§ **Task details**: What you output must be the exact lines from the first line of the data through the one holding "Protege Tibia 1", with no pictures.

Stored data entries
== Segment start ==
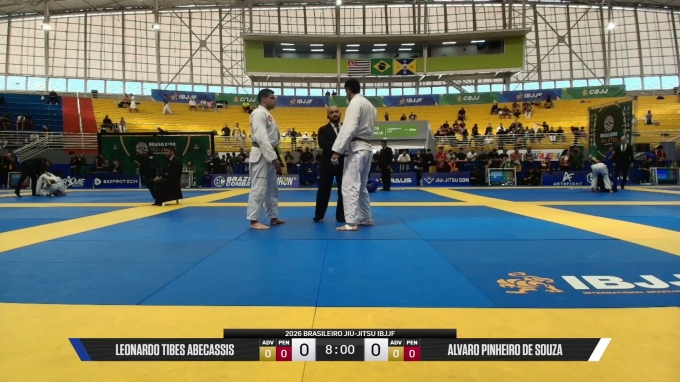 Alvaro Pinheiro De Souza vs Leonardo Tibes Abecassis 2026 Brasileiro ...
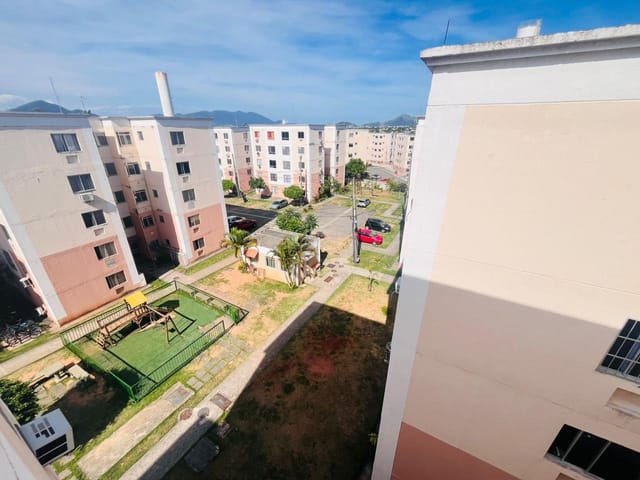 Apartamento 2 quartos e 1 banheiro, à venda, no bairro Cosmos em Rio de Janeiro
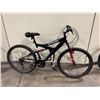 Image 2 : SUPERCYCLE NITROUS BLACK 21 SPEED FULL SUSPENSION MOUNTAIN BIKE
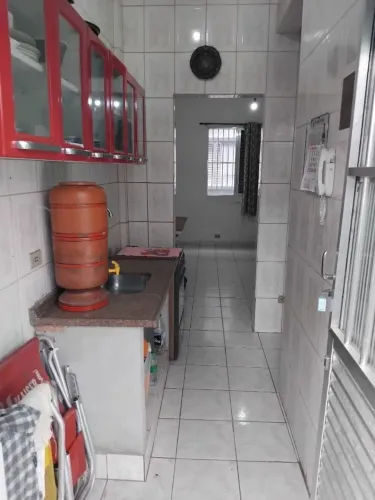 Kitnet para alugar, 30 m² por R$ 1.200/mês - Vila Guilhermina - Praia Grande/SP
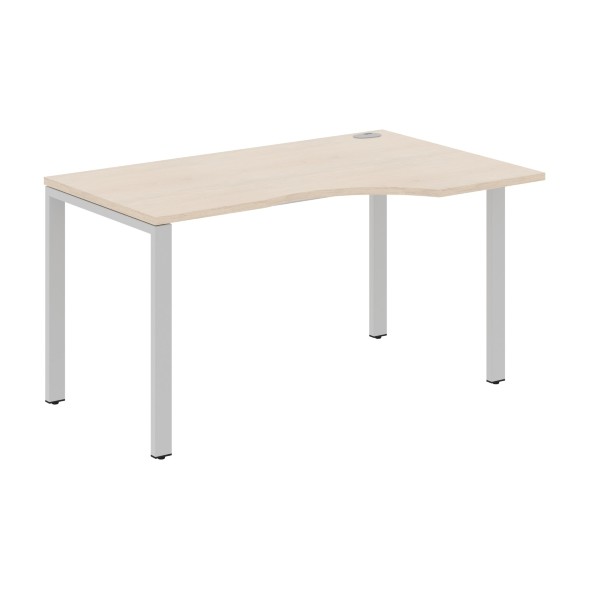 Стол эргономичный XS6CET 149(R) белый/антрацит 1400х900х750 XTEN-S60 в Махачкале 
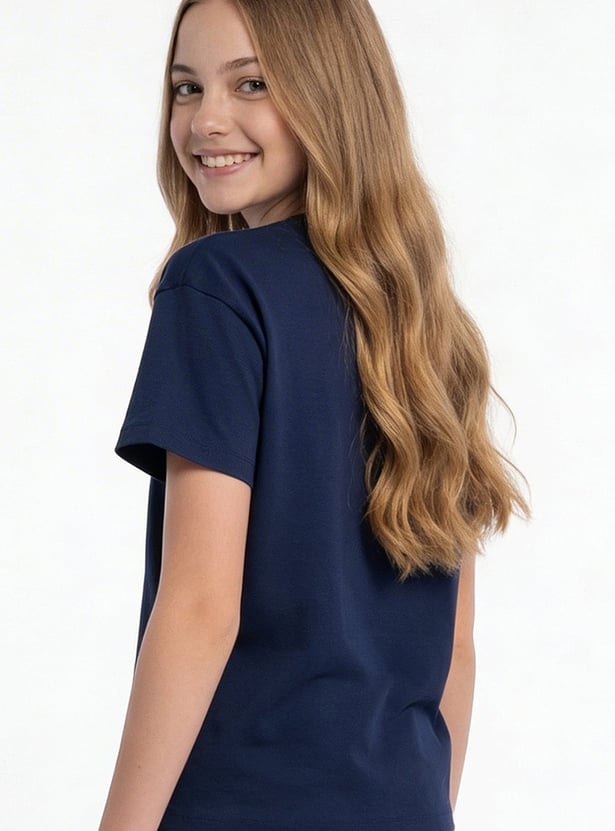 Girls Oversized Cinnamoroll T-shirt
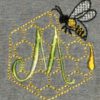 Bienen-Monogramme A-Z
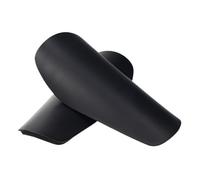 Protege Tibia 1 Pair Soccer Shin Guards EVA Cushioned Pads Protectors Adults Football Sleeves Leg Board(Black,S)
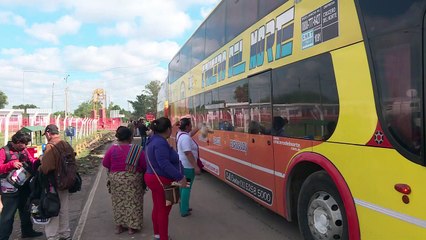 Paraguai recebe vizinhos pela visita do papa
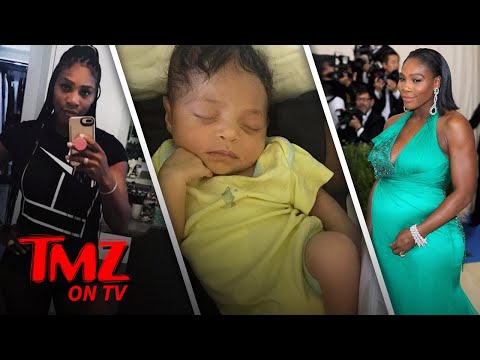 Serena Williams Snaps Back! | TMZ TV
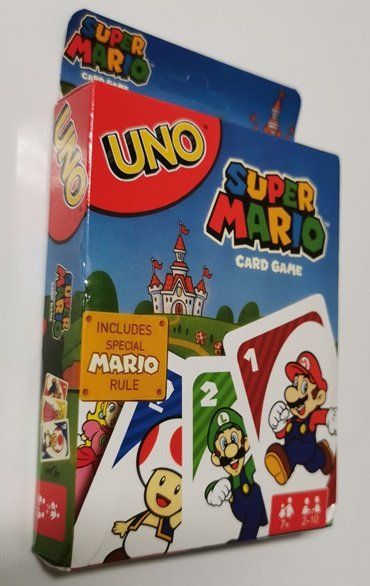 UNO Super Mario - Jeux de Cartes - Acheter sur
== Segment end ==
§ **Task result**:
 Alvaro Pinheiro De Souza vs Leonardo Tibes Abecassis 2026 Brasileiro ...
 Apartamento 2 quartos e 1 banheiro, à venda, no bairro Cosmos em Rio de Janeiro
 Image 2 : SUPERCYCLE NITROUS BLACK 21 SPEED FULL SUSPENSION MOUNTAIN BIKE
 Kitnet para alugar, 30 m² por R$ 1.200/mês - Vila Guilhermina - Praia Grande/SP
 Стол эргономичный XS6CET 149(R) белый/антрацит 1400х900х750 XTEN-S60 в Махачкале 
 Girls Oversized Cinnamoroll T-shirt
 Bienen-Monogramme A-Z
 Protege Tibia 1 Pair Soccer Shin Guards EVA Cushioned Pads Protectors Adults Football Sleeves Leg Board(Black,S)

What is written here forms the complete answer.